Transparent reporting and disclosure needs to be suited to the audience it is intended to serve. It must not be news double speak. You can’t let corporate affairs put a spin on it—it must have an honest element.
All reporting must be able to be understood by its audience. From a corporate governance perspective, it must also deliver on the board’s various accountabilities to its almost innumerable stakeholders. Reporting must be transparent and appropriately drafted to ensure that the audience can see the forest from the trees. Whether it is management reporting to their boards or organisations reporting to their shareholders or members, it must be fit for purpose and circumstance based. Reporting during different phases of an organisation’s life cycle could look like chalk and cheese. For example, reporting for an organisation seeking to consolidate and grow will be very different to reporting when the same organisation is part of a takeover bid and a lot of commercially sensitive data is not to be disclosed.
As a listed business, our lifeblood—that is the ability to raise capital—requires integrity in everything that goes out externally. That is what the public sees about our business and if they don’t trust what we publish, we can’t raise further capital.

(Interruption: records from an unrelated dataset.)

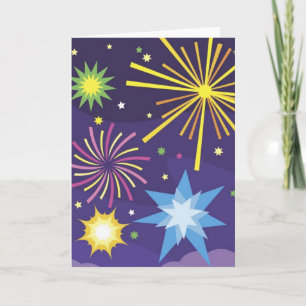 4th of July Fireworks Greeting Card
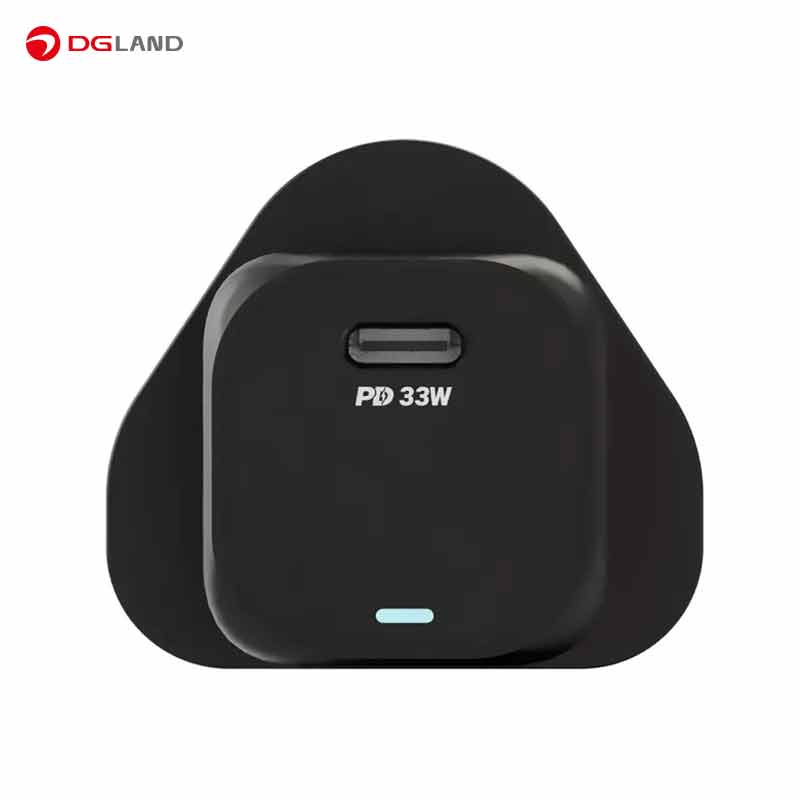 شارژر دیواری 33 وات  پاورولوژی مدل  GaN PD PWCUQC010 به همراه کابل Type-C به Lightning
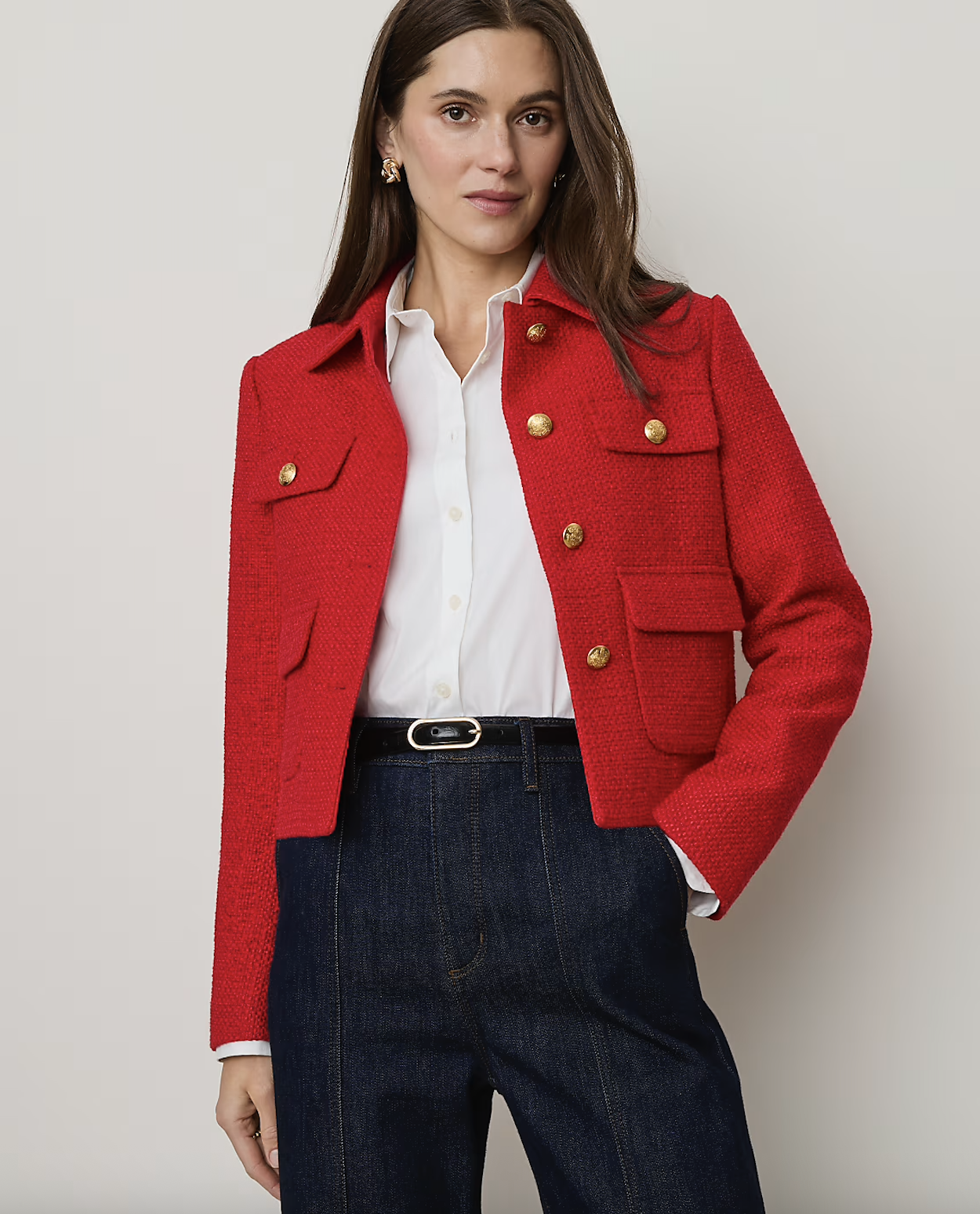 Collared Jacket in Tweed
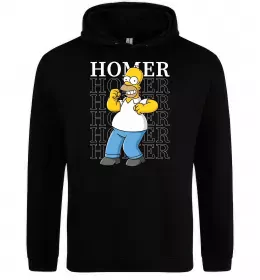 Женская толстовка (худи) The Simpsons Homer Черный фото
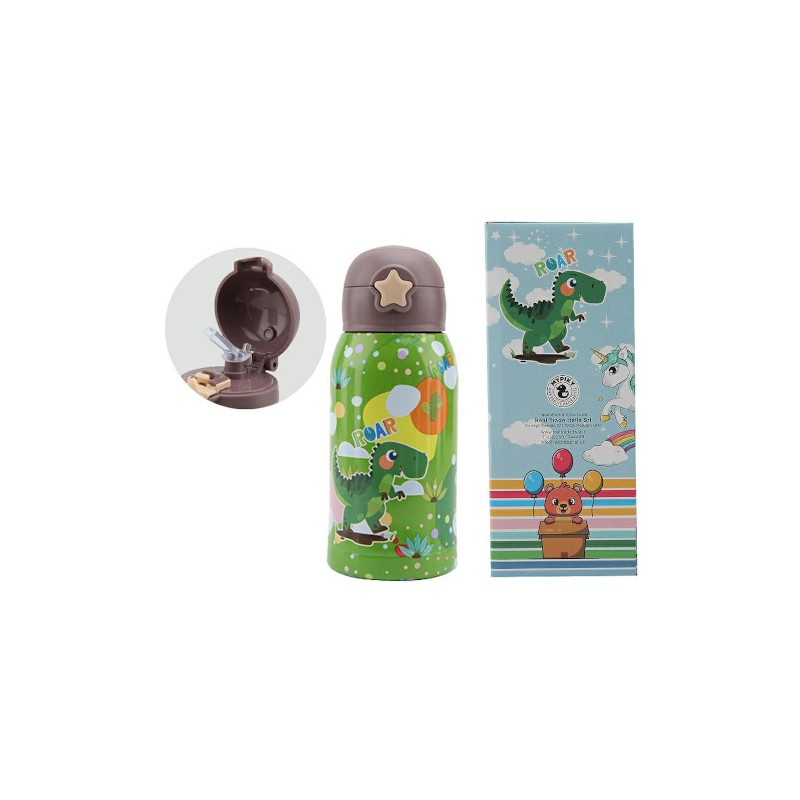 BORRACCIA TERMICA BABY 500ML. C/CANNUCCIA MYPIKY DINOSAURO MPBB05 BORRACCIA TERMICA BABY 500ML. C/CANNUCCIA MYPIKY DINOSAURO MPBB05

From a capital market perspective, two critical confidence builders are transparency and board independence. In relation to transparency, some of the most important controls, according to some company secretaries, are the financial controls. The governance around reporting (and in particular, financial controls) can give the board insight into the internal control frameworks of the organisation generally. If there are lax or loose controls around finances, the lifeblood of any organisation, then it ought to be a matter which raises the interests of directors, CEOs and company secretaries.
Financial reports are a ‘rear-vision mirror’ look into the organisation, but the systems and processes that go into accurate reporting with transparency and integrity constitute the type of ‘windscreen’ assurance that a forward-looking company secretary wishes to give to their board.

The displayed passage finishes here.